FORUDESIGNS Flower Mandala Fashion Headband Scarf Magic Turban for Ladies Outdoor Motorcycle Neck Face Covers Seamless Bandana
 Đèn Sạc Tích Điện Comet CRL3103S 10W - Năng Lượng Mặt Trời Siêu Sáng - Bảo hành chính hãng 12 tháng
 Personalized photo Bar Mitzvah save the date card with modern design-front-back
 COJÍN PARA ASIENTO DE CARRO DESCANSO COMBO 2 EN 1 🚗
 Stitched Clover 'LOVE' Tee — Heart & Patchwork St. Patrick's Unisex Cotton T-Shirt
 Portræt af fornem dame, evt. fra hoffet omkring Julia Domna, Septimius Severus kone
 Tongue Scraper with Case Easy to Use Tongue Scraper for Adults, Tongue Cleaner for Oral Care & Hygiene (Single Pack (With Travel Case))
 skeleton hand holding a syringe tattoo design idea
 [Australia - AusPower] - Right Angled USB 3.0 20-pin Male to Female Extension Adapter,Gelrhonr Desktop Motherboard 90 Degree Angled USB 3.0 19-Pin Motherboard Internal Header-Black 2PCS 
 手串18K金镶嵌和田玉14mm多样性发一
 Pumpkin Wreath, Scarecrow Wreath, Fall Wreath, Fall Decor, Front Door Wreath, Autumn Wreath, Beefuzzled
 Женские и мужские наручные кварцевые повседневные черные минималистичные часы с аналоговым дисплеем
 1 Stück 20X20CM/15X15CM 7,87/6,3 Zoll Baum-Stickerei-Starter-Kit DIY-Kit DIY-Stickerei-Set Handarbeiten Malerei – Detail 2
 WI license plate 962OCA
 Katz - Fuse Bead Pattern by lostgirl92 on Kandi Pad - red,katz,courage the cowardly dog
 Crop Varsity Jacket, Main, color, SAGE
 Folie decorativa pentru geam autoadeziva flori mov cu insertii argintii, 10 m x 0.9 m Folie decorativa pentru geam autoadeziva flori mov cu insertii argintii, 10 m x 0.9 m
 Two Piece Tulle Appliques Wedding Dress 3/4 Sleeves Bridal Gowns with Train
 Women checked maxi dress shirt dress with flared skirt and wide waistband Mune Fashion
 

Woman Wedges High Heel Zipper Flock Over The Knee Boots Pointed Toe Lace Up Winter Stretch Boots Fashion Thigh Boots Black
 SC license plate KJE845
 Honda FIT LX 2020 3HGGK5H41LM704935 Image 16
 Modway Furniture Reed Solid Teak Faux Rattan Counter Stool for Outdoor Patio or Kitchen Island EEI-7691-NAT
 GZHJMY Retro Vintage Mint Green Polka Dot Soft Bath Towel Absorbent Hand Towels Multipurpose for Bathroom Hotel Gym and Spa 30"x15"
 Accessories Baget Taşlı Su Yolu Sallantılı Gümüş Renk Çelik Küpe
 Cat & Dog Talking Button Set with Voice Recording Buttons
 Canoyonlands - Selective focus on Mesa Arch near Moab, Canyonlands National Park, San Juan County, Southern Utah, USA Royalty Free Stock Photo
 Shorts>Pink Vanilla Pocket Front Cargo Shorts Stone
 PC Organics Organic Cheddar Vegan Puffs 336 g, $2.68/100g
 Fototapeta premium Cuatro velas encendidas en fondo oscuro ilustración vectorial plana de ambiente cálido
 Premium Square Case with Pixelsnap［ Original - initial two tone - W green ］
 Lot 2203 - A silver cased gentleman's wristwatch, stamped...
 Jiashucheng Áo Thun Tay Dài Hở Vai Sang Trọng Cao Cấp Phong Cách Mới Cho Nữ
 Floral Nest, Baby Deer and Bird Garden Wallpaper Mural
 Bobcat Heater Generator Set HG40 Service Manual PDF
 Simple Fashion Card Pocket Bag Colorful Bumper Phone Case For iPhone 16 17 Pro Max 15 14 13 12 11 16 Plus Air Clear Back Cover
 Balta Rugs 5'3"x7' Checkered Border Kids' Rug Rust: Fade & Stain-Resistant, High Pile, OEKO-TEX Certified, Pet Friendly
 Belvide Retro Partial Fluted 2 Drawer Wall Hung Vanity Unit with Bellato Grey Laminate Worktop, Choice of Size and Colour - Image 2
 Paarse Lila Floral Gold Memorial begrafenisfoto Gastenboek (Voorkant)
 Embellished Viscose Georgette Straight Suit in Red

▬▬▬▬▬▬

● YOUR TASK:
Starting at the line above that contains "Tongue Scraper with", repeat each line exactly up to and including the line that contains "Женские и мужские", and stop there.

● TASK RESPONSE:
 Tongue Scraper with Case Easy to Use Tongue Scraper for Adults, Tongue Cleaner for Oral Care & Hygiene (Single Pack (With Travel Case))
 skeleton hand holding a syringe tattoo design idea
 [Australia - AusPower] - Right Angled USB 3.0 20-pin Male to Female Extension Adapter,Gelrhonr Desktop Motherboard 90 Degree Angled USB 3.0 19-Pin Motherboard Internal Header-Black 2PCS 
 手串18K金镶嵌和田玉14mm多样性发一
 Pumpkin Wreath, Scarecrow Wreath, Fall Wreath, Fall Decor, Front Door Wreath, Autumn Wreath, Beefuzzled
 Женские и мужские наручные кварцевые повседневные черные минималистичные часы с аналоговым дисплеем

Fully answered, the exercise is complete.